Am Mittwoch 06 Januar 2010 19:13:01 schrieb Will Ness:

> Daniel Fischer <daniel.is.fischer <at> web.de> writes:

> > Am Mittwoch 06 Januar 2010 00:09:07 schrieb Will Ness:

> > > Daniel Fischer <daniel.is.fischer <at> web.de> writes:

> > > > Am Montag 04 Januar 2010 22:25:28 schrieb Daniel Fischer:

> > > > Fix rfold:

> > > >

> > > > rfold f [x] = x

> > > > rfold f xs = rfold f (pairwise f xs)

> > > >

> > > > and it's faster also for those.

> >

> > The memory is almost completely due to the tree-merging of the multiples

> > for the fastest runner. While it produces faster than flat merging, the

> > exponential growth of the trees makes a bad memory citizen.

>

> Isn't the number of nodes the same in any two trees with the same number of

> leafs?

Sure. And I don't know why it takes *that much* memory, but since a flat merge

doesn't consume much memory, it must be the trees.

>

> BTW using

>

> compos ps = fst $ tfold mergeSP $ nwise 1 mergeSP $ map pmults ps

>

> instead of

>

> compos ps = fst $ tfold mergeSP $ nwise 1 mergeSP

> $ pairwise mergeSP $ map pmults ps

>

> brings down memory consumption further by 25%..45% on 1..8 mln primes

> produced, while slowing it down by about 0%..2% (that's after eliminating

> the lazy pattern in tfold as per your advice).

>

So much? Wow. I forgot the numbers, but I had tried that too, I thought the memory gain wasn't worth the speed loss. Another thing that reduces memory usage is

compos :: [a] -> [a]

compos ps = case pairwise mergeSP (multip ps) of

((a,b):cs) -> a ++ funMerge b (nwise 1 mergeSP $ pairwise mergeSP cs)

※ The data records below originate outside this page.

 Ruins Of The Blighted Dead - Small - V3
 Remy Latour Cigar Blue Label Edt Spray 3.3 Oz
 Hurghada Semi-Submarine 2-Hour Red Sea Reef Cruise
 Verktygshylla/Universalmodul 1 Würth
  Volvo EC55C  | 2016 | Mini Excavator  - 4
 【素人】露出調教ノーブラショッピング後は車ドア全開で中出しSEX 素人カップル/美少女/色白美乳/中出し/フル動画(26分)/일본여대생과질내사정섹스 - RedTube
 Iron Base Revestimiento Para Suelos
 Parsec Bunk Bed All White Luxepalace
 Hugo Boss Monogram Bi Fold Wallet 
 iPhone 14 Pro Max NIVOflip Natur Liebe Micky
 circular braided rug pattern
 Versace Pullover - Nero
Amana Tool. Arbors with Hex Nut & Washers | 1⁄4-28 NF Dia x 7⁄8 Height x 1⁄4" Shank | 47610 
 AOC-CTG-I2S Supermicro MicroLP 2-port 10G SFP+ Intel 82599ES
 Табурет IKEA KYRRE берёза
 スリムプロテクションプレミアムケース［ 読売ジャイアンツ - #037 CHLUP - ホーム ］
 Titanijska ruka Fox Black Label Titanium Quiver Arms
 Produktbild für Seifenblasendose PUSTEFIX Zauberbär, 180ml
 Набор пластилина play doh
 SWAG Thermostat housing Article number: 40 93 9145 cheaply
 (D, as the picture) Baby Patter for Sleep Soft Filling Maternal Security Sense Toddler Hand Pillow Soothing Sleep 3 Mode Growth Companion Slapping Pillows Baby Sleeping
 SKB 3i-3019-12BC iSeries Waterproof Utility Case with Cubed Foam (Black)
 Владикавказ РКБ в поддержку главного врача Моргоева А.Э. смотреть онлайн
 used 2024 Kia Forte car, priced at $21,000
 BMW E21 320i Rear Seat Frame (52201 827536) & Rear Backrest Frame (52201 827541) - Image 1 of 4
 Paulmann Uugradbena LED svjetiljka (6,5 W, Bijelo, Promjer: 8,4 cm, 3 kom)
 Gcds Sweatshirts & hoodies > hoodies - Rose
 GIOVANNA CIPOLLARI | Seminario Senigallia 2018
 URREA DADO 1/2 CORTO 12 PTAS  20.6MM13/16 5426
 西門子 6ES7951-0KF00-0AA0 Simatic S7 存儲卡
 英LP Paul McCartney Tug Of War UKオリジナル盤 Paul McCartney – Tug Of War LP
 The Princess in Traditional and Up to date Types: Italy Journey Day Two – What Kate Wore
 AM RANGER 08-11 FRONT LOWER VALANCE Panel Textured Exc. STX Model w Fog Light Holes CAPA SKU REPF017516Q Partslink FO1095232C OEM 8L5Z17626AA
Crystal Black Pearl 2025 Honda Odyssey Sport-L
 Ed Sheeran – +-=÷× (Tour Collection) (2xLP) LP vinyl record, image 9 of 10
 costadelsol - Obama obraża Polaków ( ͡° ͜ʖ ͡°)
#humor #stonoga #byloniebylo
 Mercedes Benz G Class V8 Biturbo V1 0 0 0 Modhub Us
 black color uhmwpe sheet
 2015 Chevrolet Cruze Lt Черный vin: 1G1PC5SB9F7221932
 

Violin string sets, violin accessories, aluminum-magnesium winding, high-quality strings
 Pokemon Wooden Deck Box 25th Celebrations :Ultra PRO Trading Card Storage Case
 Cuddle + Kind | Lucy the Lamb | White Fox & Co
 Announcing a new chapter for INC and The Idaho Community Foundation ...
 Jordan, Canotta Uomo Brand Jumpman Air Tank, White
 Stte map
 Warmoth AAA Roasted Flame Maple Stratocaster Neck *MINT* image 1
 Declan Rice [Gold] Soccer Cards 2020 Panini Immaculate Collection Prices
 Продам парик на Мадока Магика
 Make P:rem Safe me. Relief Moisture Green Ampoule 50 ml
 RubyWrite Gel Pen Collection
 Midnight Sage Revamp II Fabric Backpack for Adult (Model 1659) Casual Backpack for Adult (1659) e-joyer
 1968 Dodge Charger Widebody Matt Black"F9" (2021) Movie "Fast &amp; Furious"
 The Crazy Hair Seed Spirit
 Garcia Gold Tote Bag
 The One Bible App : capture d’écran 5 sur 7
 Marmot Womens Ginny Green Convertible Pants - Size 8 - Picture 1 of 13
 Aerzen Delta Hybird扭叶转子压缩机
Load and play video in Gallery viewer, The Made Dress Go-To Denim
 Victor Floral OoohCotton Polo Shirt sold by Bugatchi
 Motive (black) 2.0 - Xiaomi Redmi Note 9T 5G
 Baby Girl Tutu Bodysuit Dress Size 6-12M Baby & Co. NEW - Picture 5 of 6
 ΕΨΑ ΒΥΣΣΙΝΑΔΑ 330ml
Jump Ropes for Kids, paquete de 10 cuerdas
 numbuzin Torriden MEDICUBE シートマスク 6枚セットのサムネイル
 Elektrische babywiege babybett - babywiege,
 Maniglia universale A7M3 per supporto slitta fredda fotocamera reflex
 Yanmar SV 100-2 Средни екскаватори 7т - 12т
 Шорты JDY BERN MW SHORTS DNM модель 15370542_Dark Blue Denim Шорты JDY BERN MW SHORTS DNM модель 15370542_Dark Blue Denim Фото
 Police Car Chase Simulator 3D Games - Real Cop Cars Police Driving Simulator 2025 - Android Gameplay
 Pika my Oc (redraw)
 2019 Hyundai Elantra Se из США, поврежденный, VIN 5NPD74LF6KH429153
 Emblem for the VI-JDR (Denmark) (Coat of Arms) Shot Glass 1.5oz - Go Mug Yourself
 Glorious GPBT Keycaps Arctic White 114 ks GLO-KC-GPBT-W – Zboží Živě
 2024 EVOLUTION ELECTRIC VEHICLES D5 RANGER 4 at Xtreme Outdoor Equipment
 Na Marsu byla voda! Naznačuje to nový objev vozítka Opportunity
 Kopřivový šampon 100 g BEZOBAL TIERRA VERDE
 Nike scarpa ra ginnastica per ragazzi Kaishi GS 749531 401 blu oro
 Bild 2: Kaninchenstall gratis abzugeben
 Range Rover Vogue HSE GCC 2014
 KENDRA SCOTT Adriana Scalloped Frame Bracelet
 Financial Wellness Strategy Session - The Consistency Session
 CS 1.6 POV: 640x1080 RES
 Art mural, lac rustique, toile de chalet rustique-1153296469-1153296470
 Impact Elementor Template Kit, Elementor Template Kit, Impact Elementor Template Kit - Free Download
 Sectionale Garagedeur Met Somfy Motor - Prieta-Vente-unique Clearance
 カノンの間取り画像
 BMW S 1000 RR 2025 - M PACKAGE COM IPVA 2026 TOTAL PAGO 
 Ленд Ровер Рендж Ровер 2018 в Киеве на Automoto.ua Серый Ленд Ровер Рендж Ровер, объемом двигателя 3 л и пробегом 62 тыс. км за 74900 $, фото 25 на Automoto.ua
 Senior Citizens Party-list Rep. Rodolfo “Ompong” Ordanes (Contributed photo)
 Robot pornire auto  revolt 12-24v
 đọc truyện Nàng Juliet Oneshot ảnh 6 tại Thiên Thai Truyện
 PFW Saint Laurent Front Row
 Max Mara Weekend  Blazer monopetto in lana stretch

funMerge b (x:y:zs) = let (c,d) = mergeSP x y

in mfun b c d zs

mfun u@(x:xs) w@(y:ys) d l = case compare x y of

LT -> x:mfun xs w d l

EQ -> x:mfun xs ys d l

GT -> y:mfun u ys d l

mfun u [] d l = funMerge (merge u d) l

That's about the same speed as the latter of the above here and uses about 25% less memory. Removing one or two 'pairwise's brings memory down further, but makes it slower.